Dieses Verhalten ist Reachers Sache nicht. Er klopft lieber auf den Busch und beobachtet die Schlangen, die darunter hervorkriechen. So kommt es zunächst zu einer ersten Konfrontation mit den „Romford Boys“. Er hat Gelegenheit, seinen künftigen Gegenspieler Little Joe zu studieren. Little Joe macht seinem ironisch vergebenen Namen alle Ehre: Er ist über zwei zwanzig hoch, besitzt Hände wie Schaufeln und Füße wie ein Elefant – kurzum: Er ist ein Riese. Aber Reacher ist ja bekanntlich auch nicht gerade ein Zwerg: Schon vom ersten Augenblick war mir klar, dass die beiden Riesen füreinander bestimmt sind. Ein Showdown ist unausweichlich.

Die Bohnenranke hoch

Bennett hat natürlich einen Ausguck ganz in der Nähe von Little Joes noblem Hauptquartier. Joe verdient ganz gut als Handlanger für seine drei Chefs, die sich in fortgeschrittenem Alter längst nicht mehr die Finger schmutzig machen wollen. Befindet sich John Kott wirklich als Gast in Joes überdimensionalem Haus, wie Bennett behauptet?
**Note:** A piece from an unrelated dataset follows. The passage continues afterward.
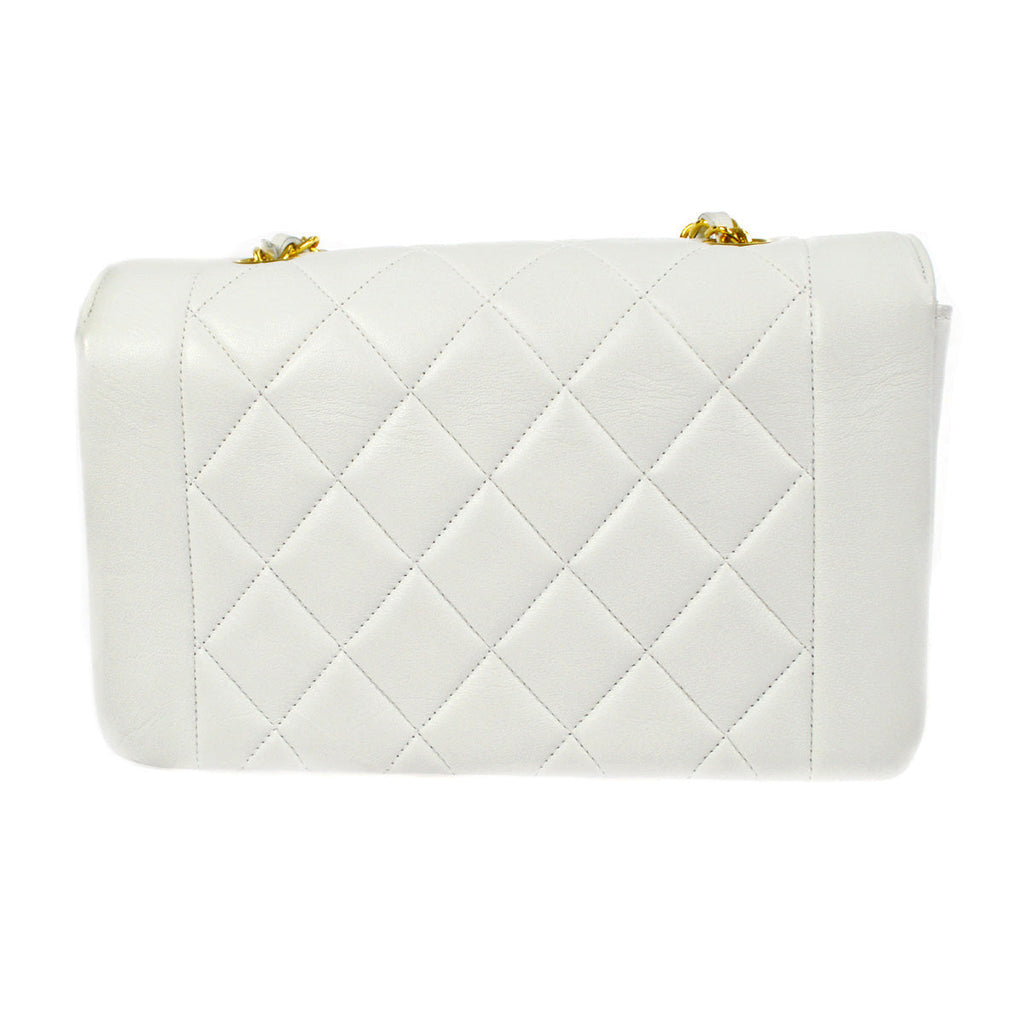 CHANEL 1996-1997 Diana Flap Small White Lambskin 97456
Aber Joe ist auch nicht auf den Kopf gefallen. Das macht sein unerwarteter Besuch im Ausguck deutlich. Reacher bleibt wie stets unerschrocken und geht zum Gegenangriff über. Als würde er seinem legendären (oder märchenhaften) Vorbild Jack nacheifern, klettert er quasi die Bohneranke hinauf und dringt in das Haus des Riesen ein, um Kott zu suchen. Mit Little Joe hatte Jack ein wenig Mühe, aber Größe lässt sich im Kampf durch Wendigkeit wettmachen.

Das betreten von Joes Riesenhaus führt zu einer gerade phantasmagorischen Verzerrung der Wirklichkeit. Alles ist eineinhalb Mal so groß wie gewohnt: die Treppenstufen verlangen Bergsteigerqualitäten, die Türen machen ein Mann winzig, die Türgriffe gleichen denen an einem Bügeleisen, und dann erst die verzerrenden Spiegel! Sie führen den Eindringling vollends in die Irre und drohen ihn um den Verstand zu bringen. Diese Szene ist in ihrer Surrealität von wirklich bemerkenswerter Eindrücklichkeit und dürfte in Childs Romanen einzigartig sein.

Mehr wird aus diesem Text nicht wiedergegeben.